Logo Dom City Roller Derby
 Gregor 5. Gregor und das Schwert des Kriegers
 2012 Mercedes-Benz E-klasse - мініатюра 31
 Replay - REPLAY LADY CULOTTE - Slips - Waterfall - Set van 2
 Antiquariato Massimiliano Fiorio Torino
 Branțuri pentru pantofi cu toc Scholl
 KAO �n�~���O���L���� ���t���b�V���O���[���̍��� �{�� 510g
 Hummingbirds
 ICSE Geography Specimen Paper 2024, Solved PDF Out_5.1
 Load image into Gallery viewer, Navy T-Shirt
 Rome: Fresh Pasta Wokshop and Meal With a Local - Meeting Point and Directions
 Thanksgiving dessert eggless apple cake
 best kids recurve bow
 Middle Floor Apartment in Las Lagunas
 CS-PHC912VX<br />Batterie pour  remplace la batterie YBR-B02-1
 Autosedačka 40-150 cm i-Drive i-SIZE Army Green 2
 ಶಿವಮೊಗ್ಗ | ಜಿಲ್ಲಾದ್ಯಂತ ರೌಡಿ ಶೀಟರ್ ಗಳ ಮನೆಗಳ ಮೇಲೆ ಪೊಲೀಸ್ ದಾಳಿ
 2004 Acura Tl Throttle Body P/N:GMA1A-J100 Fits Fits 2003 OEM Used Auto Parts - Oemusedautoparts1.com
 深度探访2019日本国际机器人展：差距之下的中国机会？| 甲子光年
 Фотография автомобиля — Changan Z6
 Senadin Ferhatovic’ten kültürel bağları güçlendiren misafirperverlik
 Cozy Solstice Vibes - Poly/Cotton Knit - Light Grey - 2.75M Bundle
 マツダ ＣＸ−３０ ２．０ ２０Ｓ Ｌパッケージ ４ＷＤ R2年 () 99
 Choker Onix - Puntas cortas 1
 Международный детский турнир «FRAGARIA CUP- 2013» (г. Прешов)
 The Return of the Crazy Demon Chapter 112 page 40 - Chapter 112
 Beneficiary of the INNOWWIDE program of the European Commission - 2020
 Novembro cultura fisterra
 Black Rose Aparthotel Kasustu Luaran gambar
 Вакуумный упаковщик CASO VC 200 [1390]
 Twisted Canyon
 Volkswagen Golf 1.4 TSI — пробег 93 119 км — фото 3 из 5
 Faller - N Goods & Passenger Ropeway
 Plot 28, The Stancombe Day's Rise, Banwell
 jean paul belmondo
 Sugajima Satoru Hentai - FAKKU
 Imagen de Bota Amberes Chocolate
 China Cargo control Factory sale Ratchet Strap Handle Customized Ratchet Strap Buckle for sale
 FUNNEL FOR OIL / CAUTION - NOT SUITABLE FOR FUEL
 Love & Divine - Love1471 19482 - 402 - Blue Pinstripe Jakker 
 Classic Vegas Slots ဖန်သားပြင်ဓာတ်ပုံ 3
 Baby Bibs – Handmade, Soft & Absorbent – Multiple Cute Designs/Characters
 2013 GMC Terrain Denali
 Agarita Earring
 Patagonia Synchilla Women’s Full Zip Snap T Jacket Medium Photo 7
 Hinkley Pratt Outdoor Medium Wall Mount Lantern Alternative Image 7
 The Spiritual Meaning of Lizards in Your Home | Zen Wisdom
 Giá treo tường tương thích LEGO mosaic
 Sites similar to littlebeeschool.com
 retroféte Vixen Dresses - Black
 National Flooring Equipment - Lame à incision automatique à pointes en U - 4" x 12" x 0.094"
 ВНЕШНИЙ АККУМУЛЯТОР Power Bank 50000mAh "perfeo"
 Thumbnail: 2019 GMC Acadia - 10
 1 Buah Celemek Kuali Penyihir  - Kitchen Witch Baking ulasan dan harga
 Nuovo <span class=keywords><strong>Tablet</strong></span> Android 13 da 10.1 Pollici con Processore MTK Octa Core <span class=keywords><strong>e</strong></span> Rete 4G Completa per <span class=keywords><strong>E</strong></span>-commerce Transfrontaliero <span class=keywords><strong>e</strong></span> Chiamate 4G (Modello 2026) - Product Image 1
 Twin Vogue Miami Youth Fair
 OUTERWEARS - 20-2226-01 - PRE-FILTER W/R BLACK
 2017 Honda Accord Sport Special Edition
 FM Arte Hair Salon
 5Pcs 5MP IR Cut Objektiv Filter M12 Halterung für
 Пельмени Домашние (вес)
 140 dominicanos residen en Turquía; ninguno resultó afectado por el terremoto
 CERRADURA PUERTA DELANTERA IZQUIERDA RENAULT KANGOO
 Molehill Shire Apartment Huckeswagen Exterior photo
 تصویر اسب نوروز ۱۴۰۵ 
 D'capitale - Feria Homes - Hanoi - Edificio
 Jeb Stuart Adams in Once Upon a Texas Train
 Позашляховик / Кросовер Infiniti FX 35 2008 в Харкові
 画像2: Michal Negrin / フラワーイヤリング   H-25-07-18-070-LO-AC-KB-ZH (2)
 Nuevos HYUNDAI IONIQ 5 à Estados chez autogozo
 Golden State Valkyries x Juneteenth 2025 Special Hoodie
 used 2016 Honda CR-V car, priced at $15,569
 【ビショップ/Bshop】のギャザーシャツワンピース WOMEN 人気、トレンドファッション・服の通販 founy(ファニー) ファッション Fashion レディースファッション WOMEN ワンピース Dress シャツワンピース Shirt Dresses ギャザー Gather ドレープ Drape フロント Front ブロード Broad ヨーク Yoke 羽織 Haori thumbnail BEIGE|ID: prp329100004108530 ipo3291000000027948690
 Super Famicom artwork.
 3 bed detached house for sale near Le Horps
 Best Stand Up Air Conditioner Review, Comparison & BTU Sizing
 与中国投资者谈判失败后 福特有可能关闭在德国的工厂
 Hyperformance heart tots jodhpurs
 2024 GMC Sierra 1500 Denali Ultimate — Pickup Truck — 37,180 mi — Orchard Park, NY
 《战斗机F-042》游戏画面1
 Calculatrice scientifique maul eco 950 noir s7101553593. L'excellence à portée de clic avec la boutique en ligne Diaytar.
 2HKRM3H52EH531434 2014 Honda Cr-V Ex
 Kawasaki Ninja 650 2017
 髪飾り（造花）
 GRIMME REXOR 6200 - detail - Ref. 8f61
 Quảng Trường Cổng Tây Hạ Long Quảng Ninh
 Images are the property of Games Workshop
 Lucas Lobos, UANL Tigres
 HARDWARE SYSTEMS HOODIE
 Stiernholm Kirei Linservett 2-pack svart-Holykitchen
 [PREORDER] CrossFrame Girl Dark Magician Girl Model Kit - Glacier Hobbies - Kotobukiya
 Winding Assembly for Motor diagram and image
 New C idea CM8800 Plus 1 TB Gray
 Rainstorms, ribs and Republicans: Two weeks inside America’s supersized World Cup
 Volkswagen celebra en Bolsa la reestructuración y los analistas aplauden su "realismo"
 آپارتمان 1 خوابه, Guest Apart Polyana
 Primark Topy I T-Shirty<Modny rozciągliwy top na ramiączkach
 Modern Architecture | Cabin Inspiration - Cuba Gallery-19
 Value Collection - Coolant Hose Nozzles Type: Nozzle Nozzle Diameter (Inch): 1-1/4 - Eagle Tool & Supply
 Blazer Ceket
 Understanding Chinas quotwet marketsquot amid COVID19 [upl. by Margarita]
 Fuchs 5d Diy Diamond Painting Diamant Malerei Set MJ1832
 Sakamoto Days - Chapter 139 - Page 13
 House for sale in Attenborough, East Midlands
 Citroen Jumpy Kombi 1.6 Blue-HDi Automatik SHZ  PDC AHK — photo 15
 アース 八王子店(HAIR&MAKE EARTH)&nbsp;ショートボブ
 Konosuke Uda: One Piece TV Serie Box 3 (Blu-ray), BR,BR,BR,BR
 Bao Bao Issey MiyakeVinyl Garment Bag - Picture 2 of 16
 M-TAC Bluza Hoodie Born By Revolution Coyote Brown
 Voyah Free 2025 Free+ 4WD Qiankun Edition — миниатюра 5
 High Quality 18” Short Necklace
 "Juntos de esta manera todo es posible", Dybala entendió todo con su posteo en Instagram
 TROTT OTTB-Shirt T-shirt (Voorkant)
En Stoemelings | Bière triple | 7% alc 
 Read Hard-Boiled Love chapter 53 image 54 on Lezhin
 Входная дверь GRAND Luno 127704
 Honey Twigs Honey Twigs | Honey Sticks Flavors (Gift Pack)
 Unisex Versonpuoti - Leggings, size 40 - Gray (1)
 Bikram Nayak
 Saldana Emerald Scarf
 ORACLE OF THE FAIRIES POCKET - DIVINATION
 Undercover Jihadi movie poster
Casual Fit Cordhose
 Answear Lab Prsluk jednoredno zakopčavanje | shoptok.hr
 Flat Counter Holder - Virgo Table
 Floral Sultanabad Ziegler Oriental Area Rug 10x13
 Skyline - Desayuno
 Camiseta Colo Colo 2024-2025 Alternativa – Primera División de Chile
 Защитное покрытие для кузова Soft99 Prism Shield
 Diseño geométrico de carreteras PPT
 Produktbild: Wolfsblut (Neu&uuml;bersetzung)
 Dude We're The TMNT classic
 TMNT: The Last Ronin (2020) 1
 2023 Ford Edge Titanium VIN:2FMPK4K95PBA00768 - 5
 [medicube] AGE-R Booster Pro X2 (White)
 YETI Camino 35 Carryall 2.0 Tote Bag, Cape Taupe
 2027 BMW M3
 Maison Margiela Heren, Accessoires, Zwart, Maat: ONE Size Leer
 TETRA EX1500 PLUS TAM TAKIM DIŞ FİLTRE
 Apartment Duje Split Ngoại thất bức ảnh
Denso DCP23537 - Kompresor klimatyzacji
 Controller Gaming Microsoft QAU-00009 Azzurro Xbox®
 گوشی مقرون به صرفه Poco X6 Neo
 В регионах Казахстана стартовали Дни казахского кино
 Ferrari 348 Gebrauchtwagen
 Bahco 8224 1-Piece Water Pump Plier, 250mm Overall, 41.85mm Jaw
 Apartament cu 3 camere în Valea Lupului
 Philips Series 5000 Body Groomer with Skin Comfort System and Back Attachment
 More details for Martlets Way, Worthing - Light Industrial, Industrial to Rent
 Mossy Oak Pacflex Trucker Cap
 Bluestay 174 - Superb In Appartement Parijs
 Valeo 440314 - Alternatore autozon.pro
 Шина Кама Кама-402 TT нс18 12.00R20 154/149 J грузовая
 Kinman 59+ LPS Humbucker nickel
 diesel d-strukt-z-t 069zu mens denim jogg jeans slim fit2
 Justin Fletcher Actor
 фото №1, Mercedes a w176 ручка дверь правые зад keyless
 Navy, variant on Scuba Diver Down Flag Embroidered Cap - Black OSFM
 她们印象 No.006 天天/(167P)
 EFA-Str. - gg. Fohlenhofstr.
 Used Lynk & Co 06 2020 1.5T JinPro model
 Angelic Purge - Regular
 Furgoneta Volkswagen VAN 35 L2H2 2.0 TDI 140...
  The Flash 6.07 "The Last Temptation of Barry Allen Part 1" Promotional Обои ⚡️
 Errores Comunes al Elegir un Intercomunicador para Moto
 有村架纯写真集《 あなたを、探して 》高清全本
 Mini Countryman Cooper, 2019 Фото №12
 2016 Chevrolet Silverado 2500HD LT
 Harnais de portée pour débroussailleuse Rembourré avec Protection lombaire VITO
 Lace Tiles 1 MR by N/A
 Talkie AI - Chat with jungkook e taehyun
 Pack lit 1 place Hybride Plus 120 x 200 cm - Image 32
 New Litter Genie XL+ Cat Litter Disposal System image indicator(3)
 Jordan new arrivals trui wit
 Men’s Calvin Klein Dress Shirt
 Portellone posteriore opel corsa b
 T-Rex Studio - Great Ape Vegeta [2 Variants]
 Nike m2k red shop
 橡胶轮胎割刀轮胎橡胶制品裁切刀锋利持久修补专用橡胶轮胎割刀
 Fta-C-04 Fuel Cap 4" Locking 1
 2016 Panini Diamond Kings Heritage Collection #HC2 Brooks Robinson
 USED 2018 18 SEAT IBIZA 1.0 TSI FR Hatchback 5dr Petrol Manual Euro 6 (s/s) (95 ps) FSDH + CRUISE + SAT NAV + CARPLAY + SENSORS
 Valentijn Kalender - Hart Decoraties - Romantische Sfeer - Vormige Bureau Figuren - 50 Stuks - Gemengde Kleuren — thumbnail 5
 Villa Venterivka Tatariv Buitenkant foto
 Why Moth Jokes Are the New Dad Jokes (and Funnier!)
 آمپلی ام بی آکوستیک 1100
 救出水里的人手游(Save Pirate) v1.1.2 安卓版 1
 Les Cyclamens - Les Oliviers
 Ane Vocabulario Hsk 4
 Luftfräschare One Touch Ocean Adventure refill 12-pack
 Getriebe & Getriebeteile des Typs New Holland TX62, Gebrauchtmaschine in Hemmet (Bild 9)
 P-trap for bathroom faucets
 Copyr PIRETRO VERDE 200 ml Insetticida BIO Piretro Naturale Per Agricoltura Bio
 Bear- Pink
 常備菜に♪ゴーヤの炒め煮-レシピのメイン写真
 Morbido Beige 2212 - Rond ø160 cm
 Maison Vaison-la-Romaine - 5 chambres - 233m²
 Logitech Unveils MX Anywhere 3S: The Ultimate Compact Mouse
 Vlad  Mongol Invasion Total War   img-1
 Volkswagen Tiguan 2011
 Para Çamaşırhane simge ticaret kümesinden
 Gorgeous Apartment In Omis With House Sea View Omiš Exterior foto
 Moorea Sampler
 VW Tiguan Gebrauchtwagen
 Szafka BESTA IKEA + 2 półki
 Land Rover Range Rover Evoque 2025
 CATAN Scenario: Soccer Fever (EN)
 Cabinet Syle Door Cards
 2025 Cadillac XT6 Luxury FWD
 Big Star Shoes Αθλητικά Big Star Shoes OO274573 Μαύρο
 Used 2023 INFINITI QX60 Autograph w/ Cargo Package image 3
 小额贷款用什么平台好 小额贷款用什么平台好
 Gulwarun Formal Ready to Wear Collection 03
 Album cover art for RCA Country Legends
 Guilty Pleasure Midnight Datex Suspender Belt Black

__________

[What to produce]
Copy the records above exactly, beginning at the line that contains "Ane Vocabulario Hsk 4" and stopping after the line that contains "Para Çamaşırhane simge ticaret kümesinden".

[Problem solution]
 Ane Vocabulario Hsk 4
 Luftfräschare One Touch Ocean Adventure refill 12-pack
 Getriebe & Getriebeteile des Typs New Holland TX62, Gebrauchtmaschine in Hemmet (Bild 9)
 P-trap for bathroom faucets
 Copyr PIRETRO VERDE 200 ml Insetticida BIO Piretro Naturale Per Agricoltura Bio
 Bear- Pink
 常備菜に♪ゴーヤの炒め煮-レシピのメイン写真
 Morbido Beige 2212 - Rond ø160 cm
 Maison Vaison-la-Romaine - 5 chambres - 233m²
 Logitech Unveils MX Anywhere 3S: The Ultimate Compact Mouse
 Vlad  Mongol Invasion Total War   img-1
 Volkswagen Tiguan 2011
 Para Çamaşırhane simge ticaret kümesinden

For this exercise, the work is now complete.